# first trout!



## smooth move (Sep 25, 2012)

grand daughter brought her boyfriend over for some fishing during spring break. he'd never caught a trout. his first was a 27.5 in pig. she's been fishing her entire life and doesn't have one that big. i think she was a little jealous. i bet i see more of them this summer.


----------



## Kevin B (Dec 3, 2012)

Nice fish, congrats to him.

Kevin


----------



## DAWGONIT (Jan 16, 2009)

Very nice dragon for his first one.
thanks for sharing & catch 'em up.


----------



## panhandleslim (Jan 11, 2013)

*Trout Weight*

That's a beauty.
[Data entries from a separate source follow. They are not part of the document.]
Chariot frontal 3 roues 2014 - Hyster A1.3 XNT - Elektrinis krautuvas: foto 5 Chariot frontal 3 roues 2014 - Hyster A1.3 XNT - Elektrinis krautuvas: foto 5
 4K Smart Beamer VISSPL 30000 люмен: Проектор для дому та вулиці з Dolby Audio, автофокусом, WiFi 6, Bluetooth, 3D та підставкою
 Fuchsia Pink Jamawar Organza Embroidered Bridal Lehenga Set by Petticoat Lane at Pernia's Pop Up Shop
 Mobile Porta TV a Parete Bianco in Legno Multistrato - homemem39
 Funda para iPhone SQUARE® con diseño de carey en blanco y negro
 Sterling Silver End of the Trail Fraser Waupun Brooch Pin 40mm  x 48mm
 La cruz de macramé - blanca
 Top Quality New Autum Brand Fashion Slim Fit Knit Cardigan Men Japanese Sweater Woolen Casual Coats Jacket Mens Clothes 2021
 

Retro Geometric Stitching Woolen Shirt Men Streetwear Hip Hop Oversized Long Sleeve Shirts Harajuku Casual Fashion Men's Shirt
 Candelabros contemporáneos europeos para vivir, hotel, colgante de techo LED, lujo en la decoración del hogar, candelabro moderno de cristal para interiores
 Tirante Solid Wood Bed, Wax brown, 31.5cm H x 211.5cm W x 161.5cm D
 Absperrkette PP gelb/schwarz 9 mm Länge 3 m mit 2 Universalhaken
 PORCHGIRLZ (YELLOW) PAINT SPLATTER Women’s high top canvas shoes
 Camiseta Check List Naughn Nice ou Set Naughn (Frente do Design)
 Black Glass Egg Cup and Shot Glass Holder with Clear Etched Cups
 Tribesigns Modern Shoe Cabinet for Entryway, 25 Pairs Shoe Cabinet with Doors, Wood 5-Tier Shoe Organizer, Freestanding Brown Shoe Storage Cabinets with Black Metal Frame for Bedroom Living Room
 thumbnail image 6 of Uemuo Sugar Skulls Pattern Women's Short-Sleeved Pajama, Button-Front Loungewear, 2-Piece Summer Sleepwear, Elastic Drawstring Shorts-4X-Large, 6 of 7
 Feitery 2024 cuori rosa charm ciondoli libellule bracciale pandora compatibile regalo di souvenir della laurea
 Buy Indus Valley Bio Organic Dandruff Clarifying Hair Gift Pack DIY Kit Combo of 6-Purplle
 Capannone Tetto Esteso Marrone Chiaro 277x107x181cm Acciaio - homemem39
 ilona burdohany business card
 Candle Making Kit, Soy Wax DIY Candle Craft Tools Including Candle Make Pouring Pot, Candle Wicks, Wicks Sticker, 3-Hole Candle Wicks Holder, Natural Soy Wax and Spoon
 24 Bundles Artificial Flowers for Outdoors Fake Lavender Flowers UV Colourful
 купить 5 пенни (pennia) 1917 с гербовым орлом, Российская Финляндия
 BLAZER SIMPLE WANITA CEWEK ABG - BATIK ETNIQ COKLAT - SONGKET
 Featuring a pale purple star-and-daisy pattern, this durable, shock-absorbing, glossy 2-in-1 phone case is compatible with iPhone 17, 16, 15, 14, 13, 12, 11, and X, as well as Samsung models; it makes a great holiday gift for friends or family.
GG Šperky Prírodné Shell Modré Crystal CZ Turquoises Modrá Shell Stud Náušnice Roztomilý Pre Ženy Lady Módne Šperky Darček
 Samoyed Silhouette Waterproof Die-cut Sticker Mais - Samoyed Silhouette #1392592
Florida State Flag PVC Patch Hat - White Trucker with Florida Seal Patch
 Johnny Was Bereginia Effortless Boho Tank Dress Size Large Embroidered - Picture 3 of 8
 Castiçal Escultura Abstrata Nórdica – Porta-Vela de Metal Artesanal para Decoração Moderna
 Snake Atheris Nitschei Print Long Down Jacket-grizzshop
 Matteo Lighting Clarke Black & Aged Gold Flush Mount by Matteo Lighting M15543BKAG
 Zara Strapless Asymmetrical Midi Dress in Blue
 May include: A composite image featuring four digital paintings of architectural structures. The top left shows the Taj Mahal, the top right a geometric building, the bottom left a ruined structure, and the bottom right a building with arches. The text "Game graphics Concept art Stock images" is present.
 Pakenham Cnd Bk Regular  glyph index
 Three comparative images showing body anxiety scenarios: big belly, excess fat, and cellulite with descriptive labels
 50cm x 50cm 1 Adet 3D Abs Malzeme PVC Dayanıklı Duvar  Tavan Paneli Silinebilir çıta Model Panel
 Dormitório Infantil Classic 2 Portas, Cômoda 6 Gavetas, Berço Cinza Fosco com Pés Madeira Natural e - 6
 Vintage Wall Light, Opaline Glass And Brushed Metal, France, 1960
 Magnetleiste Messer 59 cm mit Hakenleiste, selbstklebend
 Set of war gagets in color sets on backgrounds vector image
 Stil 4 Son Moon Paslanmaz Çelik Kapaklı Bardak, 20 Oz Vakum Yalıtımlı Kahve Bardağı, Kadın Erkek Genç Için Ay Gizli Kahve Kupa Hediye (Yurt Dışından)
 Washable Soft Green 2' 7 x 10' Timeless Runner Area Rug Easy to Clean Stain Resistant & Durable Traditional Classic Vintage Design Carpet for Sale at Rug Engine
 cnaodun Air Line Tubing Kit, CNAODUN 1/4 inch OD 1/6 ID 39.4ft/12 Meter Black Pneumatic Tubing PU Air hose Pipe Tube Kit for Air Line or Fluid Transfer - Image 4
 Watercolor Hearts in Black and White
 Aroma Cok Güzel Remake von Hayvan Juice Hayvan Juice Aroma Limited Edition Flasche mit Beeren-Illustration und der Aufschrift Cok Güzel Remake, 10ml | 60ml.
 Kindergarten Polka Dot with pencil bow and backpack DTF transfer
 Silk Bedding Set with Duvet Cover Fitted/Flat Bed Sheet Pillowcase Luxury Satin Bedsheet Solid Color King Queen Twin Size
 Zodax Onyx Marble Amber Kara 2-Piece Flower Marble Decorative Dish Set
How much did that thing weigh?


----------



## Spoolin Up (May 3, 2011)

hit a home run his first swing


----------



## Spoolin Up (May 3, 2011)

location? was this today?


----------



## smooth move (Sep 25, 2012)

Bigdaddy's said:


> location? was this today?


west galveston bay, friday morning. we didn't weigh it, i'd guess 6 1/2- 7 #. normally we'd release it, we did release another 27 and a 26, but being his first trout, i just couldn't ask him to let it go.


----------



## Txfire409 (Jan 20, 2013)

very nice trout. good luck to him on doing it again.


----------



## smooth move (Sep 25, 2012)

note: Brandon's next trip was to reality----a skunk.


----------